The score was Kendal Town 0, Leigh RMI 2 - but the Kendal fans cheered on.
Conference side Leigh had a little too much streetwise experience to allow UniBond League First Division pretenders Kendal to claim the Marsden Lancashire Junior Cup crown. But that did not prevent the coachloads of fans turning neutral Accrington Stanley into a home venue as they sang, cheered and thoroughly enjoyed Kendal's first big night out in 30 years.
Winning or losing was almost immaterial to the 200 hopeful supporters clad in black and white ands massed on the terrace behind the Leigh keeper and it spoke volumes that a mere dozen or so Leigh fans were gathered behind Town keeper Lee Ward.
Town's performance was worthy of that support for they hustled and bustled Leigh throughout and were only beaten in the end by side, whose play had been sharpened by week in and week out Conference League experience.

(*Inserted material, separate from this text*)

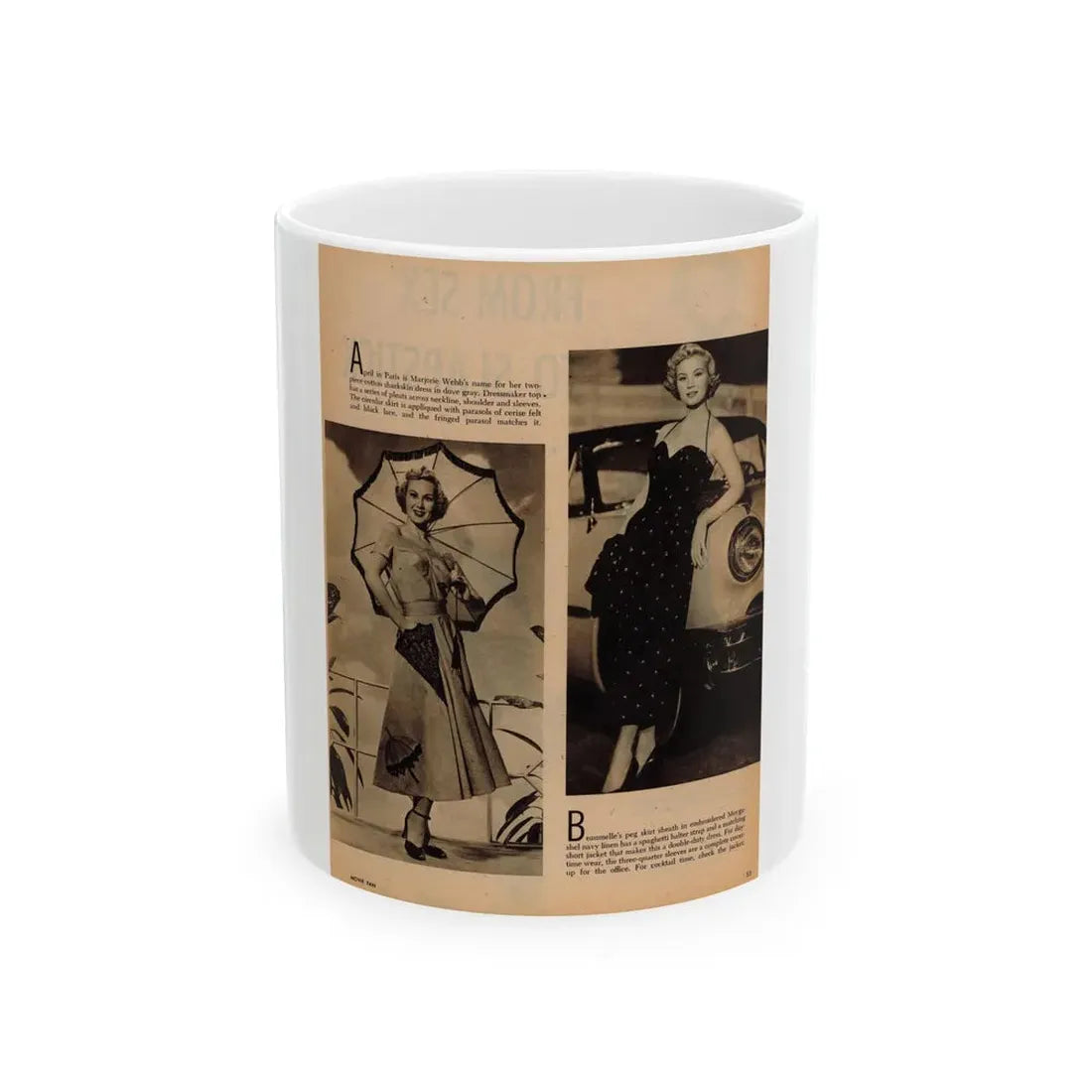 Virginia Mayo #232 - 1 Page, 2 Medium B&W Photos & 2 Short Articles (Vintage Female Icon) White Coffee Mug 11oz - Go Mug Yourself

In then fifth minute Leigh should have taken the lead when Neil Campbell's thunderbolt shot from 12 yards smacked against the bar. Yet it was Kendal who did most of the pressing in the opening spell although a series of attacks were snuffed out by some efficient Leigh defending, On 15 minutes a swift break up the left flank in the 15th minute caught the Kendal defence napping and a cross to the far post was headed in by Ian Monk.
To a man Kendal battled for the equaliser and with the score still on 1-0 at half time they had high hopes for the second half.
It was not to be, however, and in the 58th minutes a square ball into the heart of the Kendal penalty area was picked up by Jed Courtney. He turned away from the nearest defender and side-footed a shot just inside the right hand post.
Kendal manager Peter Smith rang the changes, bringing on winger James Sheppard and striker Ian Simpson in place of midfielder Lee Blamire and Kyle Hayton and a three-man attack of Simpson, Jamie Close and Craig Walmsley brought prolonged pressure on the Leigh goal. A Leigh handball on the edge of the area went unpubished, Simpson squandered an easy chance and there was a bizarre finale when the Leigh keeper came out of his area and handled a back-pass.
The referee awarded and indirect free-kick from close to the penalty spot and with the entire Leigh team and three Kendal forwards massed on the goal line Gareth Jones had little
room for the shot as Cliff rolled the ball to him, the strike bounced from the wall to safety.
Club chairman Dave Willan said: "It was a good performance against a Conference side who had a little bit more class, but what about those marvellous fans. The support was tremendous. Where were Leigh they were nowhere."